Shortly after the Washington Naval Treaty, the British designed and built two Nelson-Class Battleships, and a decade later these designs inspired the French Richelieu-Class Battleships.
Both of these designs have a very significant quirk, in relation to this question: All the guns in their primary batteries are capable of firing forward. Now, there were a few issues (Especially with the Nelson class) of firing all the guns directly forward - But this question assumes these issues have been or can be solved.
The question is simple: Would a line of battleships with Nelson-style configurations have the advantage when their T is crossed?
In most T-crossing scenarios, the ships being crossed are at a disadvantage because their rear weapons cannot fire. In earlier warfare with fixed guns, it was even more devastating because almost all of their guns could not fire. Nelson-style configurations, however, do not suffer from this and can fire all of their weapons on the targets in front of them.
All of those targets which are presenting wide fronts, while each of the Nelson-style ships are presenting narrow fronts.

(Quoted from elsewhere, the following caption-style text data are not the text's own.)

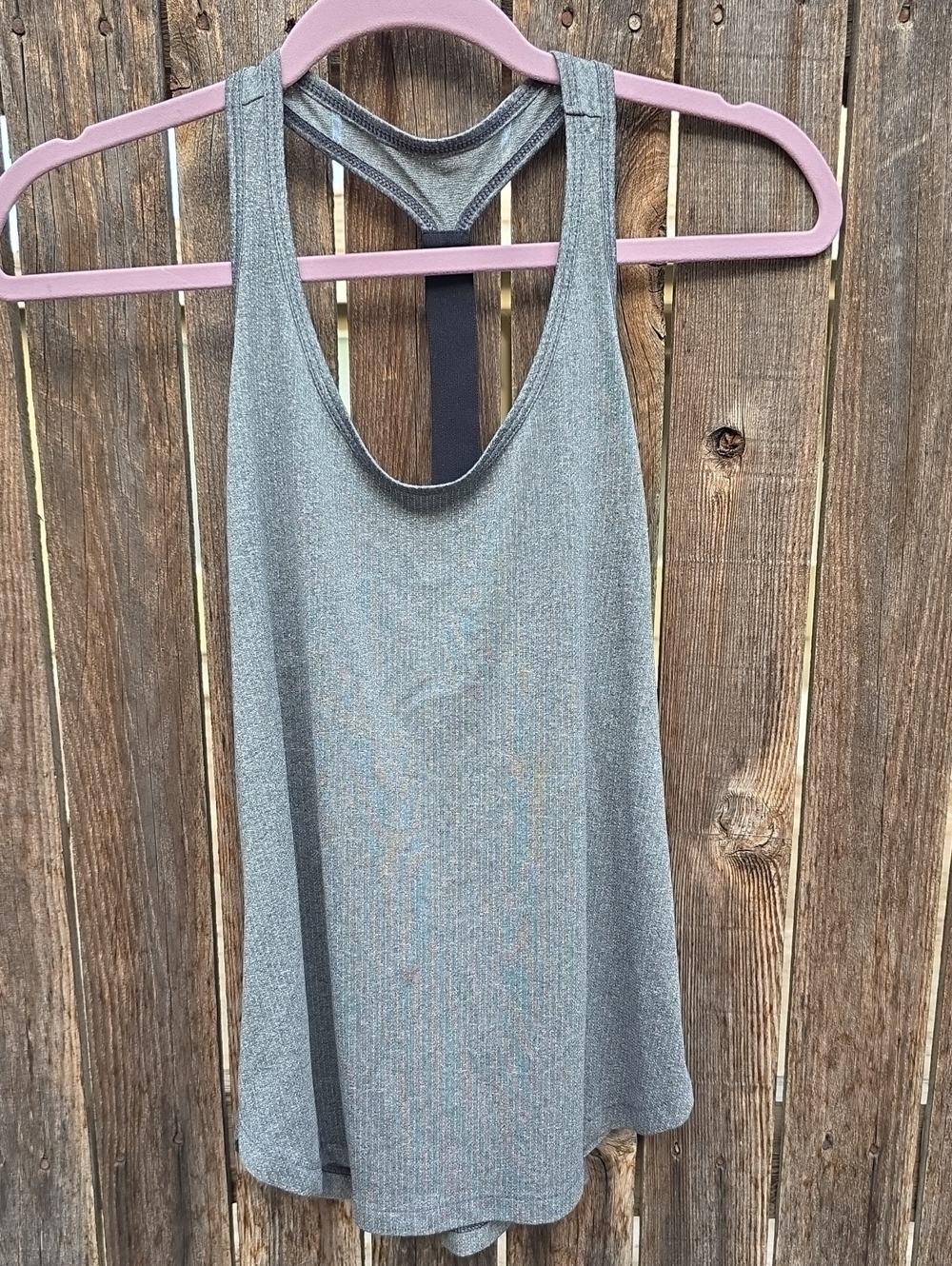 Old Navy Active Go-Dry Women's Gray Racerback Tank Top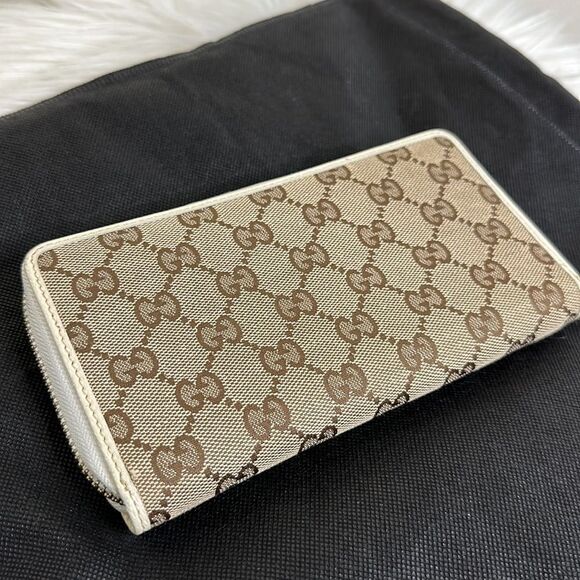 💯Authentic Gucci Zipped Around Long Wallet🍀 - Picture 8 of 16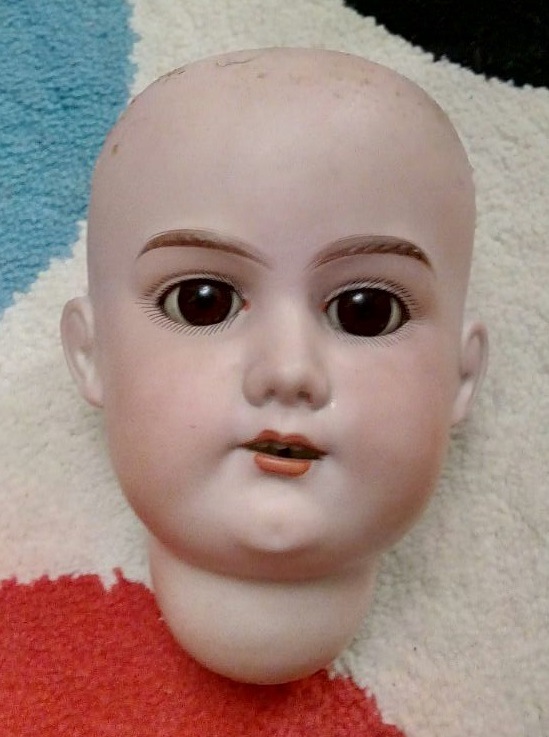 Перетяжка и небольшой ремонт антикварной A.Marseille (фото 6)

To be completely fair, I don't envision this as an ideal position for the Nelson-style ships to be in. Their enemy can still fire every one of their guns. However, the Nelson-Style ships don't have the disadvantage that normally comes with having their T crossed, so perhaps the playing field is going to be a little more level.
I am curious as to what sort of things I may be missing out. I'm not a military or naval strategist - My interests lie significantly more on the engineering and technical end of things, so those are the details that stick out to me.
Relevant information: This is targeted at the world I'm building, 50s ish tech where shipbuilding is advanced but aircraft never gained dominance. Battleships tend to be bigger and have bigger guns, but realistically speaking treat the ships as being largely equivalent except for gun placement.